Re: [PATCH AUTOSEL 4.14 6/6] ata: libata-eh: do not clear ATA_PFLAG_EH_PENDING in ata_eh_reset()

From: Niklas Cassel
Date: Thu Sep 28 2023 - 12:00:36 EST


Hello Sasha,

The upstream commit that you are backporting here:
80cc944eca4f ("ata: libata-eh: do not clear ATA_PFLAG_EH_PENDING in ata_eh_reset()")

Requires that we have:
737dd811a3db ("ata: libahci: clear pending interrupt status")
in stable.
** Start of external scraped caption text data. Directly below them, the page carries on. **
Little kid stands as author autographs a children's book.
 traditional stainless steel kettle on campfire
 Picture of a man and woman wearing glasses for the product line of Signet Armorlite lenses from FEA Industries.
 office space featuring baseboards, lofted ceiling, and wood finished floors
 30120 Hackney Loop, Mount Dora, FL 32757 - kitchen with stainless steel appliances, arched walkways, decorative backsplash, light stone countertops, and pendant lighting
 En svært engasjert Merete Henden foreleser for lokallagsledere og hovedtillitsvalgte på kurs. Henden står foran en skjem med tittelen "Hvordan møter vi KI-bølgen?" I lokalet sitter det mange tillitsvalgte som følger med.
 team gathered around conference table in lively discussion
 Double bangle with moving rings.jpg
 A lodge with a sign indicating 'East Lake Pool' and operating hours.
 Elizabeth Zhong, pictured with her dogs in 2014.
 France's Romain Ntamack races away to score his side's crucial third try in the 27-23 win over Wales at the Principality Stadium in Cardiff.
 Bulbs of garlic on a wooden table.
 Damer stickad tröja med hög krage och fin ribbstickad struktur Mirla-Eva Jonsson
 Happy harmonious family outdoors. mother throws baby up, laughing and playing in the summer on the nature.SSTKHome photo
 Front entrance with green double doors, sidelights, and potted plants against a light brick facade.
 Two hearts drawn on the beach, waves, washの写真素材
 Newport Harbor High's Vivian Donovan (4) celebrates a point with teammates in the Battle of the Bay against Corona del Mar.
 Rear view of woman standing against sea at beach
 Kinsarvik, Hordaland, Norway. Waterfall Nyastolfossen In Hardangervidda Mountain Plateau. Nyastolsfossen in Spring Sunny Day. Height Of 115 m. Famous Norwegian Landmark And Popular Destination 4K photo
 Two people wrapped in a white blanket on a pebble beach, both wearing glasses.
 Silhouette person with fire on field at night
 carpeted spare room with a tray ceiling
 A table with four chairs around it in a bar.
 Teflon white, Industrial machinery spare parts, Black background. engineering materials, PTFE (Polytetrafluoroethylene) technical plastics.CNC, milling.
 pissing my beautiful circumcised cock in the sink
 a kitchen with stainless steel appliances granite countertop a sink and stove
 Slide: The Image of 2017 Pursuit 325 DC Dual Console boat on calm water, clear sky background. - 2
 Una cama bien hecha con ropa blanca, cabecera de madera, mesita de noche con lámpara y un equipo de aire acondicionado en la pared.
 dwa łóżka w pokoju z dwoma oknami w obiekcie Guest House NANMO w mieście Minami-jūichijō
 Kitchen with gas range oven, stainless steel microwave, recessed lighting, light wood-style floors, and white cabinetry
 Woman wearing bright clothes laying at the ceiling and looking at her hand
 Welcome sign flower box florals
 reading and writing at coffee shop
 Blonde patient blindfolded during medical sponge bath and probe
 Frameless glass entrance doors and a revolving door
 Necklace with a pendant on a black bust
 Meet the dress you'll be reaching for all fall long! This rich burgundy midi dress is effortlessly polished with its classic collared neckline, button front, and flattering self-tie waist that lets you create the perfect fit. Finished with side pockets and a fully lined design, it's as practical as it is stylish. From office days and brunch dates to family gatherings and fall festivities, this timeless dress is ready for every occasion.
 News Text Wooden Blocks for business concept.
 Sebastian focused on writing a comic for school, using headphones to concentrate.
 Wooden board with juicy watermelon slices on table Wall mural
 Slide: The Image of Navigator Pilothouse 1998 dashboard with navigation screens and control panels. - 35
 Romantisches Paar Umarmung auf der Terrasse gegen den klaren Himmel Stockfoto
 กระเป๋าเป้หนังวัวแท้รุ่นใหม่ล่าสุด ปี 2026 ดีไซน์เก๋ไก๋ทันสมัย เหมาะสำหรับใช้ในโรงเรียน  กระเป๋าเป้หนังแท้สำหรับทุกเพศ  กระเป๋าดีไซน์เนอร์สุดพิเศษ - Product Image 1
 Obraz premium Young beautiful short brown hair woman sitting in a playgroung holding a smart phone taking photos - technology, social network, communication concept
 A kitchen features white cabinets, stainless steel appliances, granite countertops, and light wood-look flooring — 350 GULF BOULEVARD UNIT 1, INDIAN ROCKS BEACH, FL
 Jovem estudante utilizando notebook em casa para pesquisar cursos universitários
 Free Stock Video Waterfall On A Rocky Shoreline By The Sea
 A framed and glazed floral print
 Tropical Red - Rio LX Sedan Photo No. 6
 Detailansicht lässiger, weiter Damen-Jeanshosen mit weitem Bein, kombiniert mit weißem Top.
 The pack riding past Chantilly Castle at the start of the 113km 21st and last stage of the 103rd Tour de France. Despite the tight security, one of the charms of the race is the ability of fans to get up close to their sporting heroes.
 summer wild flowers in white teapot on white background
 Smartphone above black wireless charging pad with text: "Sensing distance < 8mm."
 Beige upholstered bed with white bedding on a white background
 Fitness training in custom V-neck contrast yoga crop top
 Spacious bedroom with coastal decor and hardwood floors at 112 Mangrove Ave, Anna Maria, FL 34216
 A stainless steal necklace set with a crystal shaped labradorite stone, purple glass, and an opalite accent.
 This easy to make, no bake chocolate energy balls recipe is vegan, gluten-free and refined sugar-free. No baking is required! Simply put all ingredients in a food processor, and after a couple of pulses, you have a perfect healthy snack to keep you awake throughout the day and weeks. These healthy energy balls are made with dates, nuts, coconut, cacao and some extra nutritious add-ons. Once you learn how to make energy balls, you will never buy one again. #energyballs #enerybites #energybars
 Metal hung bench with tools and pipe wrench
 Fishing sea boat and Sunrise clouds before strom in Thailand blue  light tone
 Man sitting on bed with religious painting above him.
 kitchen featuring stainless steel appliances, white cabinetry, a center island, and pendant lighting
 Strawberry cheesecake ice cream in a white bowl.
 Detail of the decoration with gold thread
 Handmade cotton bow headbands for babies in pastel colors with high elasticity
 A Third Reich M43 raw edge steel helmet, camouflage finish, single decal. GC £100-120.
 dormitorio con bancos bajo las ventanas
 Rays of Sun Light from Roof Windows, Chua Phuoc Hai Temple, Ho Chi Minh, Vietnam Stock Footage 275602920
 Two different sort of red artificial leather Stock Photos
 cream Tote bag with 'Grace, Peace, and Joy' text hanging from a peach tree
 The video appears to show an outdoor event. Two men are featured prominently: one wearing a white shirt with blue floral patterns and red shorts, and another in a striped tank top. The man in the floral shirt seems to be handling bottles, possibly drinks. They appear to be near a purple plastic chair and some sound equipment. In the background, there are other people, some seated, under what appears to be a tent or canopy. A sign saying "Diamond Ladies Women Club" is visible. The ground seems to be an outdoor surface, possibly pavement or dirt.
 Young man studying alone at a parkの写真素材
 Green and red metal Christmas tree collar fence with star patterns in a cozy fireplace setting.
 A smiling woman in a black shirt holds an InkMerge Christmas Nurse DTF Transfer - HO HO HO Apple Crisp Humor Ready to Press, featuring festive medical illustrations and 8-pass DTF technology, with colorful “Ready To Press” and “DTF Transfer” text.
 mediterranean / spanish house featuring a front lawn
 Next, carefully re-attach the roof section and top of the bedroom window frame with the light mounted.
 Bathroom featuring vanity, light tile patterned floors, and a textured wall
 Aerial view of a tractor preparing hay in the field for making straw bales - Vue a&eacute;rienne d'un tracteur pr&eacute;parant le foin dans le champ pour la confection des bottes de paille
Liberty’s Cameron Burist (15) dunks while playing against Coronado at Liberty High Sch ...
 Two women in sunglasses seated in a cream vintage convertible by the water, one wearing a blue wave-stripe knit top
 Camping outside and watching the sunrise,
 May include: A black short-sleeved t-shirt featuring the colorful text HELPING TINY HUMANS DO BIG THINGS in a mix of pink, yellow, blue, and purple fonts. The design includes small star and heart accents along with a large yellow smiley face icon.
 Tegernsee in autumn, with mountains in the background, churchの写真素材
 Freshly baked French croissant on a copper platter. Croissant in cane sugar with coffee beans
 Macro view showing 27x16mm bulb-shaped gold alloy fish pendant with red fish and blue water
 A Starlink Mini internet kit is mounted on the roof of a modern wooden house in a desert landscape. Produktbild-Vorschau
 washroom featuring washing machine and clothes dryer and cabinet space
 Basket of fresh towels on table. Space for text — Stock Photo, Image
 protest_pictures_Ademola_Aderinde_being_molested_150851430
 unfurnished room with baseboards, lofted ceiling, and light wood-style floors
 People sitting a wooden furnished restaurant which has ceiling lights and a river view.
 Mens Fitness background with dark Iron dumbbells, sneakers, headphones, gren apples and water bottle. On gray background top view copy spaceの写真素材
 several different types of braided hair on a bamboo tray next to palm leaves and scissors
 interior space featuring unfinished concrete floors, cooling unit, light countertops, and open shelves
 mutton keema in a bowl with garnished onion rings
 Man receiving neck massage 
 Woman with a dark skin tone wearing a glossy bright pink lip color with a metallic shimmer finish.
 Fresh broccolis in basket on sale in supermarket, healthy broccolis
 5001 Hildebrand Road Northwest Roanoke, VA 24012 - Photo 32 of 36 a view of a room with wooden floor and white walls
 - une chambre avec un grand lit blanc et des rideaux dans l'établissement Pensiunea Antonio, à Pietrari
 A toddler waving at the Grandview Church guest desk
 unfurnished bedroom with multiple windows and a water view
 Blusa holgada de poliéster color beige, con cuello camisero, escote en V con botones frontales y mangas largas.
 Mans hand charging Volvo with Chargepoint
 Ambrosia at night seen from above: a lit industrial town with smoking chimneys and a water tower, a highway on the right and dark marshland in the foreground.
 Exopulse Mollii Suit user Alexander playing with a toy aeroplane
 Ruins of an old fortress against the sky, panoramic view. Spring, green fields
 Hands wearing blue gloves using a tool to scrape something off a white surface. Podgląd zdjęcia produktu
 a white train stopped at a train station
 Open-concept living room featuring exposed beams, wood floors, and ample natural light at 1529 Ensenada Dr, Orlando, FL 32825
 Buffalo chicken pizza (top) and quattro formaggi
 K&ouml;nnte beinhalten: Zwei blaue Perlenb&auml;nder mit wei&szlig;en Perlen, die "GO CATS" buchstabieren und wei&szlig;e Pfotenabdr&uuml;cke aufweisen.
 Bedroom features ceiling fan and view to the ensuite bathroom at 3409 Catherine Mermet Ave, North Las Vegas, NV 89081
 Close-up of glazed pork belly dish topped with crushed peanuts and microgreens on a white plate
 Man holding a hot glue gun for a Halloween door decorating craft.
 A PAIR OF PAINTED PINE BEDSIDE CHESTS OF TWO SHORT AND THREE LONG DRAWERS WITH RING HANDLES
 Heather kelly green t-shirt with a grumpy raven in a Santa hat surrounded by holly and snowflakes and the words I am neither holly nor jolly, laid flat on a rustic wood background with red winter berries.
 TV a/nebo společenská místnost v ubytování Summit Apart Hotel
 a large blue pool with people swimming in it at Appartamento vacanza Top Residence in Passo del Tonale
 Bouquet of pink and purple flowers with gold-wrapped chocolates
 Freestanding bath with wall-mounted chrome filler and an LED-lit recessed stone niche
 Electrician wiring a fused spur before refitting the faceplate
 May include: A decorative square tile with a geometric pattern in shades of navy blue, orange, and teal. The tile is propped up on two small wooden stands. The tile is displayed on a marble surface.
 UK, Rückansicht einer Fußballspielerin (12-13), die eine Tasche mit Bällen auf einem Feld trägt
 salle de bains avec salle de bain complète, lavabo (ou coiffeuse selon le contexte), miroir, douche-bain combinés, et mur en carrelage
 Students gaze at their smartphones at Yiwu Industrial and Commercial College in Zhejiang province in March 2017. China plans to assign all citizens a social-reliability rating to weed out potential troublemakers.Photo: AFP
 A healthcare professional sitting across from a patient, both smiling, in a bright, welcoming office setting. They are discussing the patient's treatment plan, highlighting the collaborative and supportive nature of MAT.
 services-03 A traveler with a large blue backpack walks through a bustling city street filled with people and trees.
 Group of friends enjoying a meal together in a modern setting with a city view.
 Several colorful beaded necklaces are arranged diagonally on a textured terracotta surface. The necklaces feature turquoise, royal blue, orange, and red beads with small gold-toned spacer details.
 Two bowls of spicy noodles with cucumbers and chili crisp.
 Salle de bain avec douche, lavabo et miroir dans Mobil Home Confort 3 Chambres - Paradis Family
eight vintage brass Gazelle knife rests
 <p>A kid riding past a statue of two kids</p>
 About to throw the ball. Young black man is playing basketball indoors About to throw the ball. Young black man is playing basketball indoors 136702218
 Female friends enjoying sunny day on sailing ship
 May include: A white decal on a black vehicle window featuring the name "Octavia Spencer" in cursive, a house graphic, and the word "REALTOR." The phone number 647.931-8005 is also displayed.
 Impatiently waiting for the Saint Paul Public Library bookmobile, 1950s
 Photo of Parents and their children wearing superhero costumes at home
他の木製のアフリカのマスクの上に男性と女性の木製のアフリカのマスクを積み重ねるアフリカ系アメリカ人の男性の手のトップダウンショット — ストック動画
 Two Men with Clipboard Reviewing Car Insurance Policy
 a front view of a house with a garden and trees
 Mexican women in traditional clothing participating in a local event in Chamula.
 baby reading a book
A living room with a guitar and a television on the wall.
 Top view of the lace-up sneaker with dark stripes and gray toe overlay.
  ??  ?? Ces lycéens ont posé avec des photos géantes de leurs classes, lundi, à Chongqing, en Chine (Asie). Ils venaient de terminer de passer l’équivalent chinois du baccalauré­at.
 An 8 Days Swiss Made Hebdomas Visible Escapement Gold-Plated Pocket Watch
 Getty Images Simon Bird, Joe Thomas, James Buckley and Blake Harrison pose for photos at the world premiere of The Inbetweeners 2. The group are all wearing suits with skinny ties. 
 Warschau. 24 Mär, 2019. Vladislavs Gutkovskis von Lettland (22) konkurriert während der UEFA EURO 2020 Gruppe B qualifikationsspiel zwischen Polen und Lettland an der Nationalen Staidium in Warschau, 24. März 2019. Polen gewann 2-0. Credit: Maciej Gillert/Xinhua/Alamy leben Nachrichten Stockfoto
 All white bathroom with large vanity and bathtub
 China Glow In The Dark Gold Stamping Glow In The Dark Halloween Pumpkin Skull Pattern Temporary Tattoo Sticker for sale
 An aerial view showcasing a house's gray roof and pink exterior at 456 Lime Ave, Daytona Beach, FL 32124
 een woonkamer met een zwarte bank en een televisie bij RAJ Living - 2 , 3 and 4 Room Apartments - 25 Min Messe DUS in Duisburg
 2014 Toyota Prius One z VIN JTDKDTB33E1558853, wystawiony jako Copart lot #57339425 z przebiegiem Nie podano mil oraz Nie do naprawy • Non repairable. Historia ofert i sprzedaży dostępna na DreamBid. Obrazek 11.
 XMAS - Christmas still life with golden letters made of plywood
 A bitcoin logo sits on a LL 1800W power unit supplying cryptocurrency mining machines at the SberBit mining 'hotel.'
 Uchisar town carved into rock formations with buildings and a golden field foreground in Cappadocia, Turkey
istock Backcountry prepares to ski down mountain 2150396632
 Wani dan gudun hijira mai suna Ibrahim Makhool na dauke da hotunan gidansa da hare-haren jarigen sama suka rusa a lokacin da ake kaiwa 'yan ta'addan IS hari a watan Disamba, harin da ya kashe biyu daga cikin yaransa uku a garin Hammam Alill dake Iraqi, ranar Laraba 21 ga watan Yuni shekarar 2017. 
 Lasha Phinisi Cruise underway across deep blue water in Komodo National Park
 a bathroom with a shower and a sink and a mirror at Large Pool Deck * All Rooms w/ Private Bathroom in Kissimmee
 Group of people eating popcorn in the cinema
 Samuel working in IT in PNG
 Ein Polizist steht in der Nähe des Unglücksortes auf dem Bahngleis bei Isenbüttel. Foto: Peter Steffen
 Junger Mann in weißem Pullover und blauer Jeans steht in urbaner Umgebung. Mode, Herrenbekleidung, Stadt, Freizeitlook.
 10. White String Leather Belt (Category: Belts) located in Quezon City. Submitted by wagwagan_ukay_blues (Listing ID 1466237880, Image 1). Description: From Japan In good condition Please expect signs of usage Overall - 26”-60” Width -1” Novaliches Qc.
This is currently not the case.

See my comment in:
https://lore.kernel.org/stable/ZRWf7Avtdv3DeqCU@x1-carbon/T/#t

Perhaps both:
93c7711494f4 ("ata: ahci: Drop pointless VPRINTK() calls and convert the remaining ones")
and
737dd811a3db ("ata: libahci: clear pending interrupt status")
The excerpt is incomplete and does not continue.